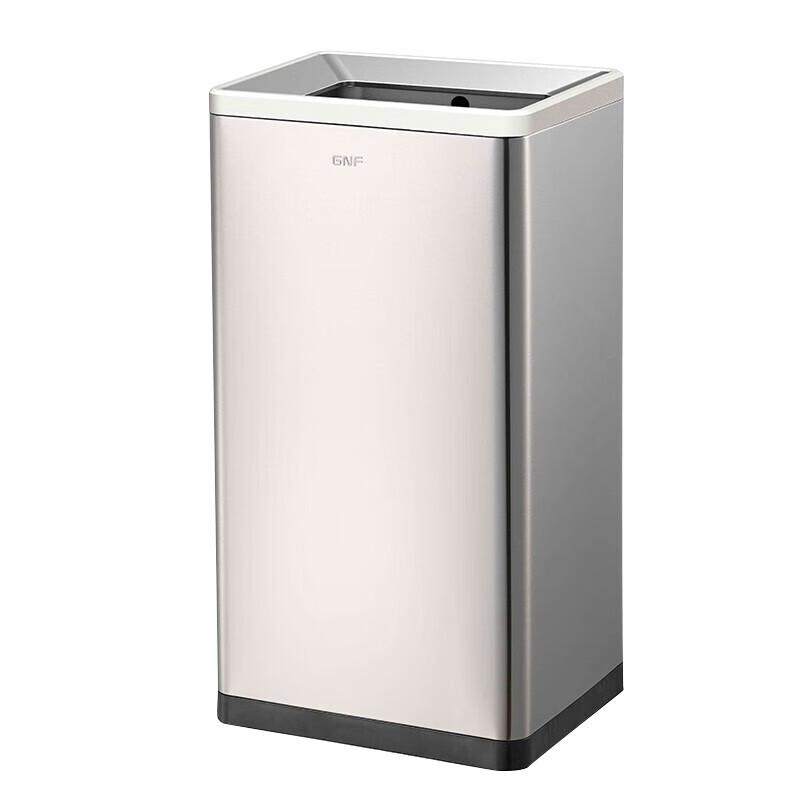 GNF 50L Open-Top Stainless Steel Commercial Waste Bin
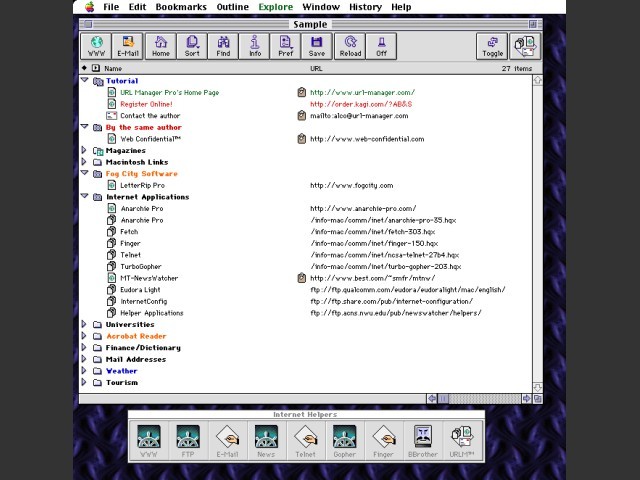 URL Manager Pro (1997)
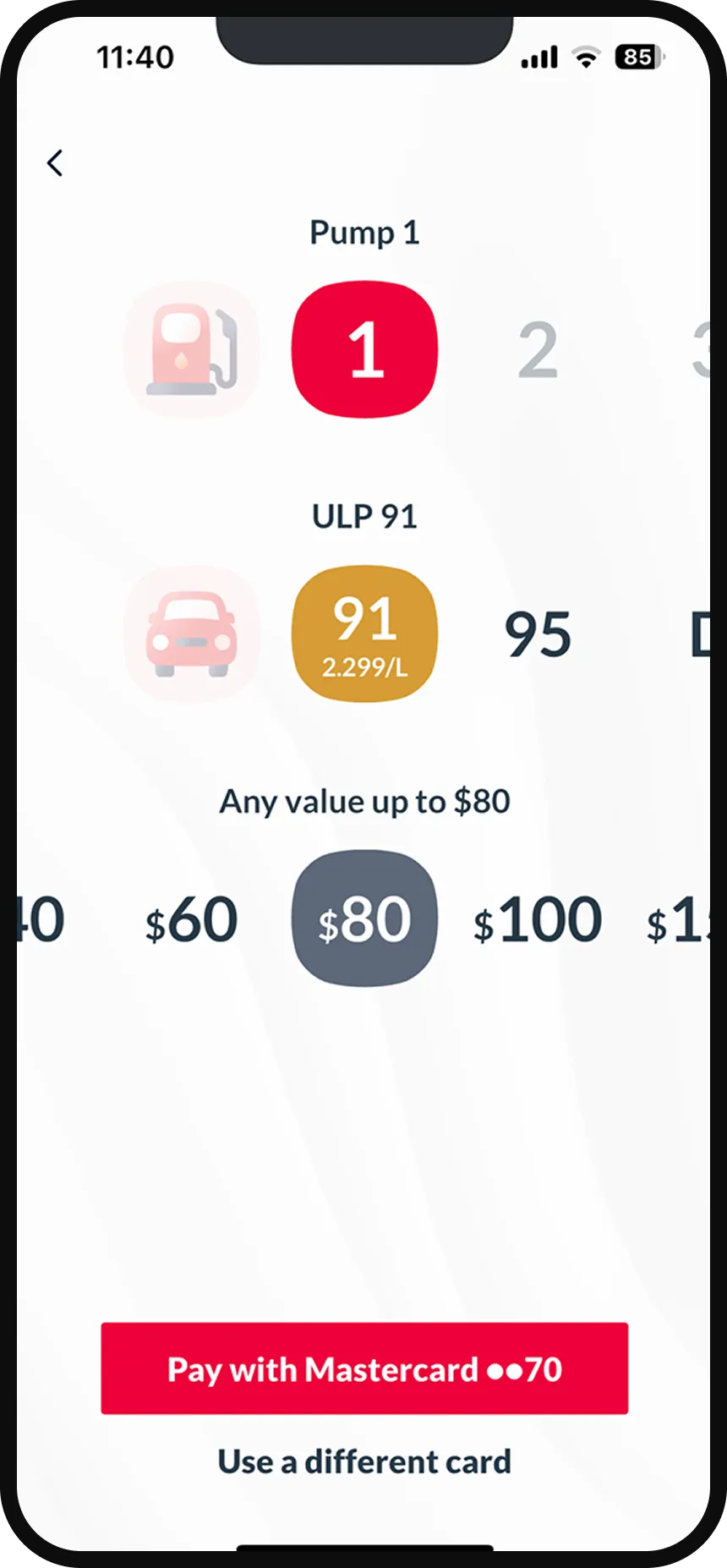 Mobile app screens displaying Re-X customer engagement features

○ ○ ○ ○ ○ ○ ○

About this exercise — Print all of the material exactly. Omit pictures.

Result of this exercise —
 GNF 50L Open-Top Stainless Steel Commercial Waste Bin
 URL Manager Pro (1997)
 Mobile app screens displaying Re-X customer engagement features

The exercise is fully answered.